- [EXTRACTED RECORDS]:

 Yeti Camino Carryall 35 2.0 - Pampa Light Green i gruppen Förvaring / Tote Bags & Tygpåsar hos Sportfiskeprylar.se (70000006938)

==

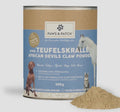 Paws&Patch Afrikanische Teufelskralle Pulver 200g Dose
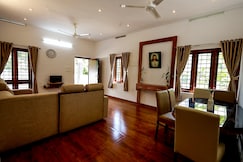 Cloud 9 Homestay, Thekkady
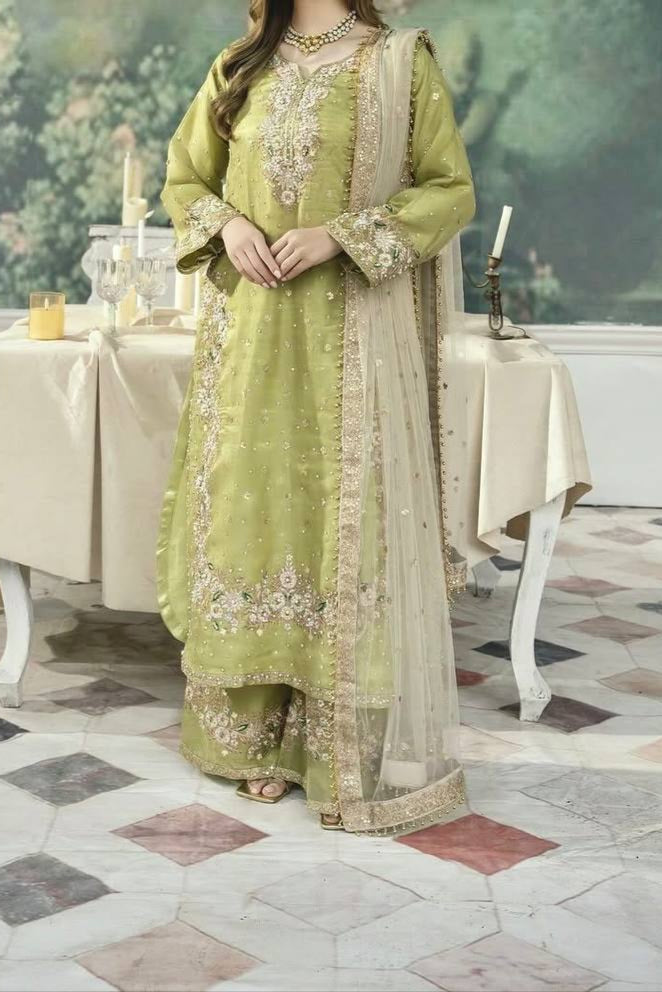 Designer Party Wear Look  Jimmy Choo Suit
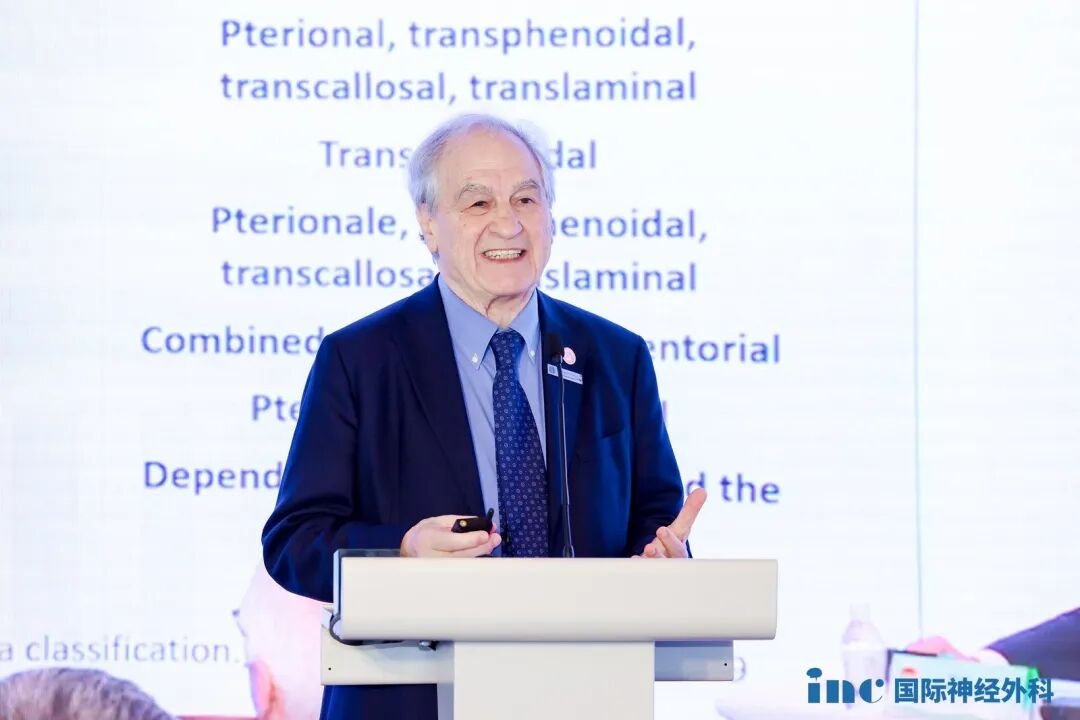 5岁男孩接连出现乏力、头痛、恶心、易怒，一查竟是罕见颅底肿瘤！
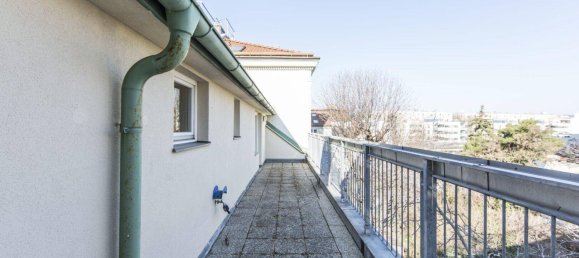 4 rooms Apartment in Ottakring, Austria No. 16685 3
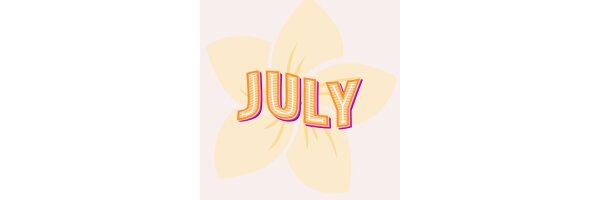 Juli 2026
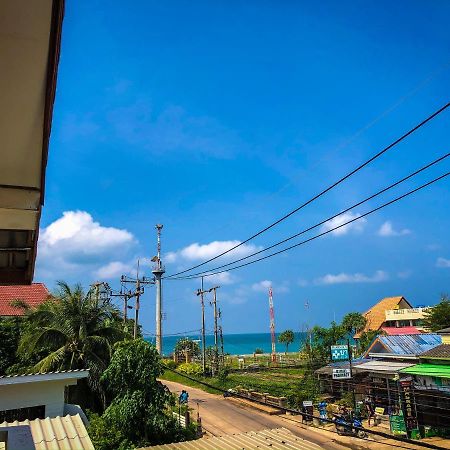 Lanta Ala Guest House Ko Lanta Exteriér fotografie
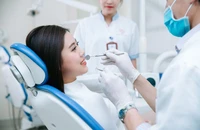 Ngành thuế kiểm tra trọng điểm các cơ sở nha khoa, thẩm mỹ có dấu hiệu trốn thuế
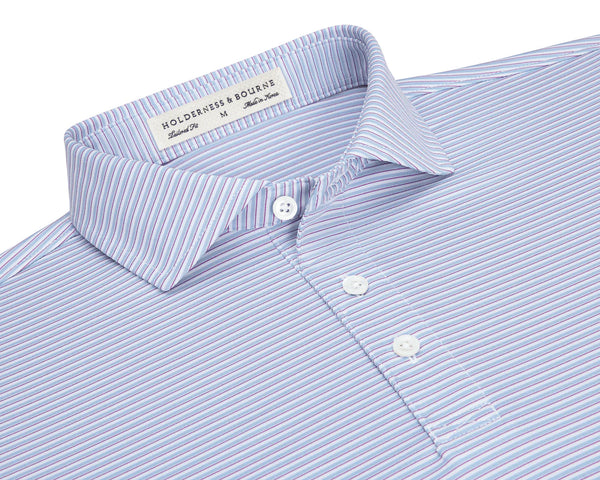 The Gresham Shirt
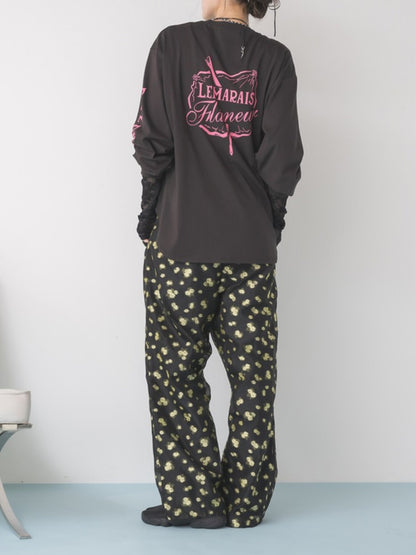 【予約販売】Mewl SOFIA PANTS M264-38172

- [EXERCISE]:
Excerpt from the records above: set down only the lines from the one that contains "The Gresham Shirt" through the one that contains "SOFIA PANTS M264-38172", inclusive, word for word. Pictures stay out.

- [REPLY]:
 The Gresham Shirt
 【予約販売】Mewl SOFIA PANTS M264-38172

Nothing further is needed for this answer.